Entities that can be stored as keys to an array
- scalars; numbers. For a string key we have to make a new copy of the string when holding it in the hash entry.
- Sequences,vectors have to be copied by values, two vectors can be compare by comparing its elements; If the elements of an array are hash collections, then the hash collections have to be compared (ouch);
the problem
what to do if a hash table is inserted as key, or indirectly, if a hash table is part of an array, that is inserted as key. The problem is how to compare different hash table instances effectively, and how to compute the hash value of a hash object as key.
it can be done
to compute the hash key;
- for scalars as keys: compute the hash key
- for arrays as keys: compute the hash value of each element and combine them in sequence
- for hash tables as keys: create a sorted ordering of the keys, compute the hash value of each element and combine them in the order of the sorted keys.

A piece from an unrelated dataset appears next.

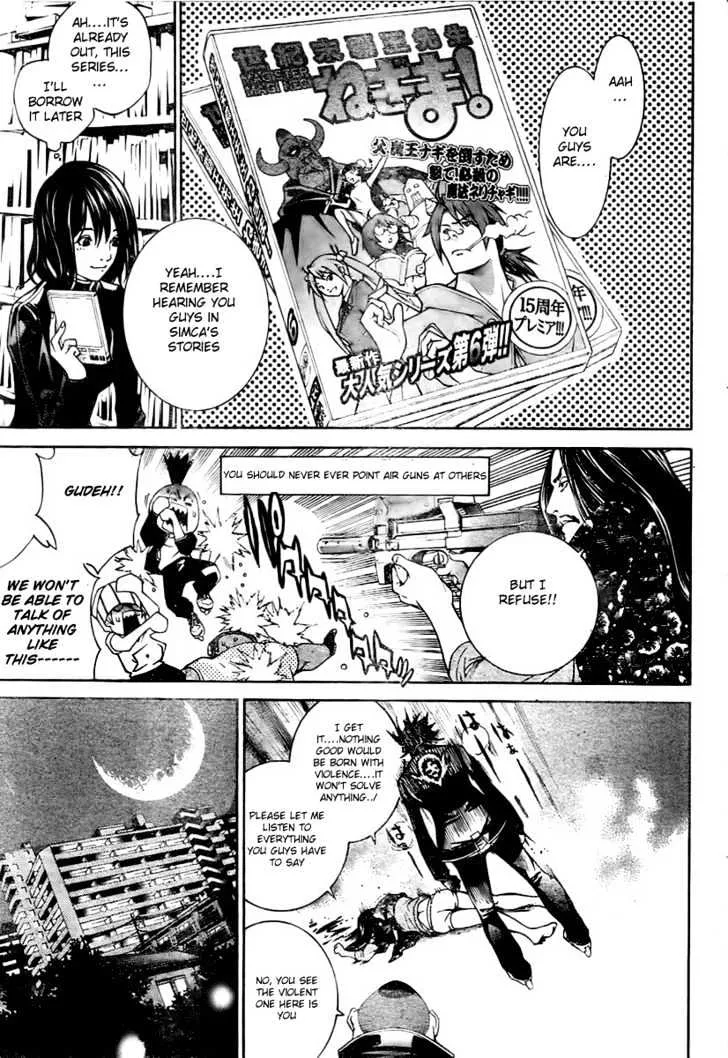 Air Gear - Page 8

How to sort an arbitrary set of values:
- all values of the same type are compared with entries of their own kind (integers with integers, strings with strings, arrays with arrays, hashes with hashes)
comparing two arrays
- two arrays are equal if both have the same number of elements, and all elements are equal.
- Array a is smaller than array b
- if a has less elements than b
- if an element a[i] is less then element b
comparison of hashes.
- If hash a has less keys then hash b then a is smaller than b
- if both hashes have same number or keys, sort the keys;
- compare keys after sorting if a.key[i] < b.key[i] then a is smaller then b
- if a.key[i] == b.key[i] then compare v1 = a.lookup( a.key[i] ) and v2 = b.lookup( b.key[i] )
- if v1 < v2 then a is smaller then b.
- if all are equal then both hash instances are equal.
is it all really that bad?
First of all the problem is mitigated if each element of the hash collection stores the hash value of the key; in this case the key has to be compared only in cases when the hash value of the given key is identical with a hash value of the collection entry. Even then most chances are that the ordered sequence of keys must not be created.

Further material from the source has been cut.